Piena collaborazione tra ministero dell’Interno e Unioncamere per la lotta alla criminalità che inquina la vita economica del Paese e per l’affermazione di un contesto di mercato trasparente e regolato. E’ quanto prevede il Protocollo di intesa sottoscritto ieri dal ministro dell’Interno, Annamaria Cancellieri e dal Presidente di Unioncamere, Ferruccio Dardanello.

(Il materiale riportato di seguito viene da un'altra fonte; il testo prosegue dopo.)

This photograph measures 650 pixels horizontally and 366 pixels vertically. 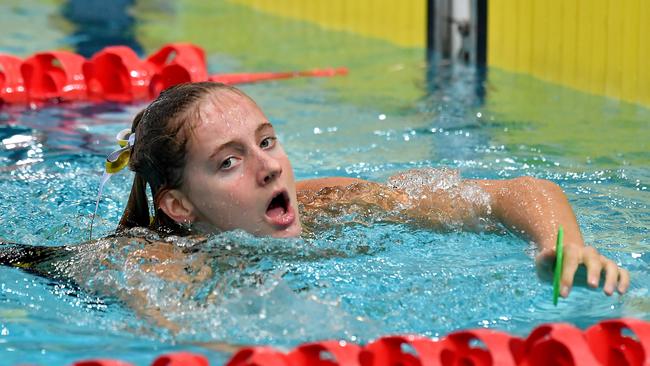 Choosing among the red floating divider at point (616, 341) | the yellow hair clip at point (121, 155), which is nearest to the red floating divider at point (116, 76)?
the yellow hair clip at point (121, 155)

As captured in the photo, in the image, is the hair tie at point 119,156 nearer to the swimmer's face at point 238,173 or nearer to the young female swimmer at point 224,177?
the young female swimmer at point 224,177

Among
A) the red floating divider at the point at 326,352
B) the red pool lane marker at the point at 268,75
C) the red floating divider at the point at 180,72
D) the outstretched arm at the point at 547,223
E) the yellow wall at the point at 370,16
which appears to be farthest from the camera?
the yellow wall at the point at 370,16

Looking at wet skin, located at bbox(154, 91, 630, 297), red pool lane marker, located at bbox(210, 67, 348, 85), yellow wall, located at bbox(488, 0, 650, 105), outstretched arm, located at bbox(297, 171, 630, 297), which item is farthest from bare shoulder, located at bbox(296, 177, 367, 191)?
red pool lane marker, located at bbox(210, 67, 348, 85)

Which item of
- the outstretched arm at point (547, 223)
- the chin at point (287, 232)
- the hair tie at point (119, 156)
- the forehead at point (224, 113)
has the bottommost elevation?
the chin at point (287, 232)

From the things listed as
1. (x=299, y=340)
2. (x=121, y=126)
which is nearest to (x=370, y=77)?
(x=121, y=126)

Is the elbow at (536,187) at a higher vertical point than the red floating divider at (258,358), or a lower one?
higher

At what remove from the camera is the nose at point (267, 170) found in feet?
8.18

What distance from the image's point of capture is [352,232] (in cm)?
288

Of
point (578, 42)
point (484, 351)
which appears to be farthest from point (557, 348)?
point (578, 42)

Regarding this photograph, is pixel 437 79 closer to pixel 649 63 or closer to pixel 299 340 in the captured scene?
pixel 649 63

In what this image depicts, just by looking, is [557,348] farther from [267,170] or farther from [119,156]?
[119,156]

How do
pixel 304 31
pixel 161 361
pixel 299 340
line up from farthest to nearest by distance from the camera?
pixel 304 31, pixel 299 340, pixel 161 361

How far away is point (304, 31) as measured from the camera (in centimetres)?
Answer: 813

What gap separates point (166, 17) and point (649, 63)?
511 cm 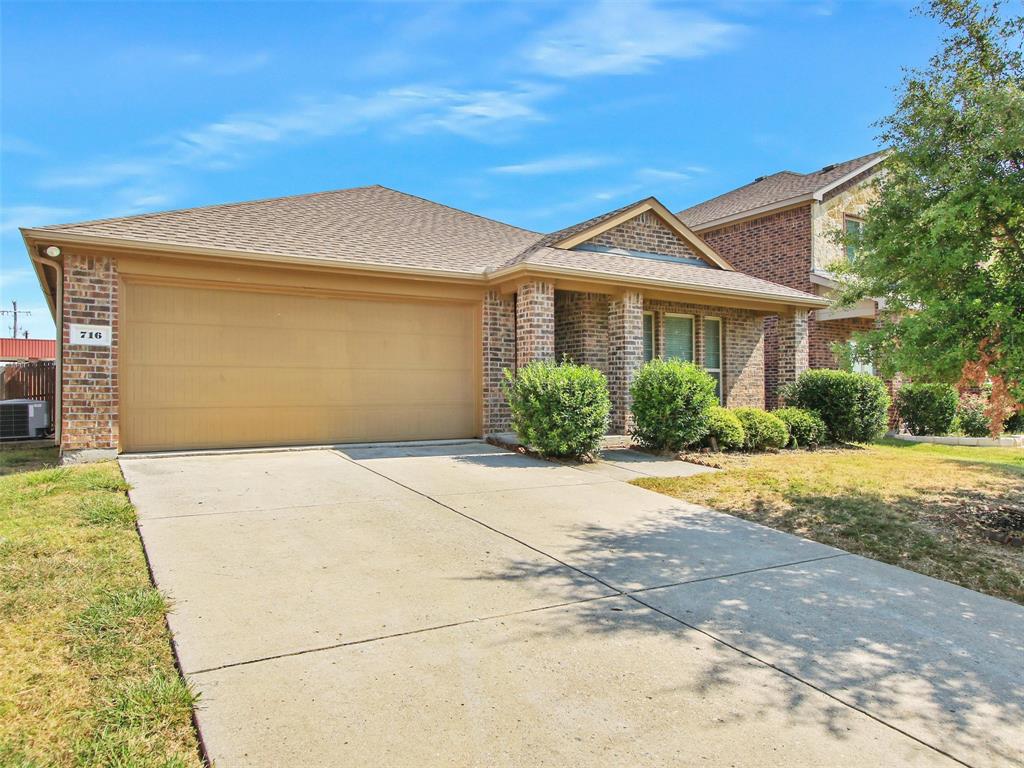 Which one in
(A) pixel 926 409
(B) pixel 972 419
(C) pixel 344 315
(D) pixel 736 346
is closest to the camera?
(C) pixel 344 315

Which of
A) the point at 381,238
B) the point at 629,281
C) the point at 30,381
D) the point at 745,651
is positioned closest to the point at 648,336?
the point at 629,281

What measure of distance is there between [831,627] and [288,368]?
27.5 ft

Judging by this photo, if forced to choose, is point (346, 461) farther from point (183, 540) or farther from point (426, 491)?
point (183, 540)

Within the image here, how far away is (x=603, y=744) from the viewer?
244 centimetres

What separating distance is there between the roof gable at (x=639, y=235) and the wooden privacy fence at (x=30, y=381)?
12.0 metres

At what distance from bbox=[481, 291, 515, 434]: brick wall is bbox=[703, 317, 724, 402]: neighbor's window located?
492cm

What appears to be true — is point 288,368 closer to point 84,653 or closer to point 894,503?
point 84,653

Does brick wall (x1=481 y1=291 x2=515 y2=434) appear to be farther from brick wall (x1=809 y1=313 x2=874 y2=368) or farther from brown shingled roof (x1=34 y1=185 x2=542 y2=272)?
brick wall (x1=809 y1=313 x2=874 y2=368)

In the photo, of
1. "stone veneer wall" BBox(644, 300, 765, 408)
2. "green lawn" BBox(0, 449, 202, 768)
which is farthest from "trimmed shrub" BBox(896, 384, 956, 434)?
"green lawn" BBox(0, 449, 202, 768)

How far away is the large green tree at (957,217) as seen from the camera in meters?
5.52

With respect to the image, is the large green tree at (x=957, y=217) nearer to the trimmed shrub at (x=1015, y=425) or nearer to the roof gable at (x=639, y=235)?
the roof gable at (x=639, y=235)

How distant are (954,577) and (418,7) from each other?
8915 mm

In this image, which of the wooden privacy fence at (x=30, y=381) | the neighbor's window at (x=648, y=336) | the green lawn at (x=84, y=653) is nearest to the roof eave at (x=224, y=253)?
the neighbor's window at (x=648, y=336)

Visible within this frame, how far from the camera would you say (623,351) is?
37.6ft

Obiettivo dell’intesa, favorire l’acquisizione e lo scambio di dati e informazioni attinenti ai reati arrecati dalla criminalità agli esercizi commerciali e alle diverse realtà imprenditoriali.
Il Protocollo – che rientra nelle iniziative già varate da Unioncamere e dal sistema camerale e si avvale di strumenti di analisi e mappatura del tessuto imprenditoriale già approntati e di altri che verranno messi a disposizione delle Forze di Polizia - prevede:
- la costituzione di un Gruppo Tecnico che si occuperà di effettuare analisi di dati e informazioni, non coperti da specifici obblighi di riservatezza, sui fenomeni criminosi che colpiscono il sistema economico;
- l’individuazione delle modalità più opportune per lo scambio di dati statistici ed informazioni sui fenomeni monitorati, anche ai fini della loro trasmissione ai Comitati per la legalità costituiti presso le CdC;
- la verifica dei risultati conseguiti successivamente all’applicazione di tecnologie di sicurezza a scopi preventivi e investigativi;
- l’elaborazione di documenti di analisi quantitative e qualitative capaci di identificare fenomeni e contesti territoriali a maggior rischio.
Il Protocollo impegna Unioncamere a contribuire, attraverso la dotazione di strumenti tecnici, alla piena operatività di un sistema di “georeferenziazione” curato dal Servizio per il Sistema Informativo Interforze, della Direzione Centrale della Polizia Criminale che verrà messo a disposizione delle Forze di Polizia e del Servizio di Analisi Criminale della medesima Direzione.
Inoltre Unioncamere favorirà la razionalizzazione, attraverso Infocamere, degli accessi Interforze di Polizia ai data base delle CdC.
Infine, il Gruppo Tecnico avrà anche il compito di realizzare un prototipo di incontro informativo (Progetto sicurezza) e materiale divulgativo destinato agli operatori economici, contenente le “buone pratiche” per la prevenzione dei reati a danno delle realtà d’impresa, i comportamenti da mantenere al verificarsi di episodi criminali, la collaborazione con le Forze di Polizia e sistemi di sicurezza.
Una volta realizzato, il prontuario verrà diffuso a livello nazionale. Per garantire la massima diffusione dell’iniziativa, il Progetto sarà promosso nelle diverse province italiane con la collaborazione e la presenza di rappresentanti di Unioncamere, Prefetture, Forze di Polizia ed esperti.
Il Protocollo d’intesa ha durata triennale, con l’impegno a discuterne le modalità di rinnovo 6 mesi prima della scadenza.